The opening plenary Conference speech this year was given by Michael Morpurgo. He was an absolute joy - insightful, idealistic, acerbically critical of our educational system, anecdotal, wise and hilarious. I've been to see Philip Pullman several times in Oxford and there were similarities - not just that they're both excellent children's writers but that they have been teachers in the past. They both have a fantastic sense of timing and the ability to balance information and entertainment that a good teacher needs. They're both supremely confident and full of enthusiasm and verve.
The Conference as a whole was the usual frantic mix of beginner writers, experienced writers, speakers, agents, editors. Over the years I've seen its scope broaden enormously and the focus change: when I started, there was little emphasis on children's writing (it began to seem to me this year that everyone in the whole wide world wants to write a children's book!) and on the skills of editing and pitching your work - now these are given, quite rightly, enormous stress.
In addition, there are one-to-one appointments: fifteen minutes where you can pitch your work to an agent or editor (they're the ones with a haggard, persecuted look to them by the end of Saturday!). Your dream may come true: the agent may like your work, ask to see more, even take you on. At the Conference dinner on Saturday, the writer Lola Jaye, vibrantly full of enthusiasm and disarming verve, described how she was taken on by agent Judith Murdoch at the Conference - she is now published by HarperCollins and is as happy as a clam. Even if an agent or editor isn't blown away by your work, they will say why - and this is so helpful, if you are prepared to listen to advice and work on improving your writing. Most delegates are delighted to get any feedback - and indeed one of the major functions of the conference is to give writers a sense that they are not alone.
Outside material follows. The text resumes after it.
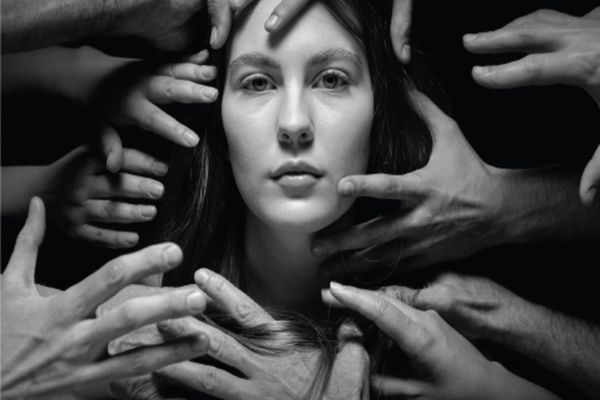 Campania națională de prevenire a agresiunii sexuale asupra minorilor „Atingeri Nedorite”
There is camaraderie and mutual support available - along with a lot of laughs - and delegates value this very highly indeed.
As for me, I came home with a vile sore throat and spent Sunday afternoon and a fair chunk of yesterday lethargic and unable to engage with things - but now I have to rev up again, as my summer school here in Oxford will start on Saturday - and that also is very INTENSE!
Welcome, by the way, to any new readers who've come to Literascribe because of the Conference: I hope you enjoyed yourselves, I wish you luck with your writing - and I welcome comments on this blog!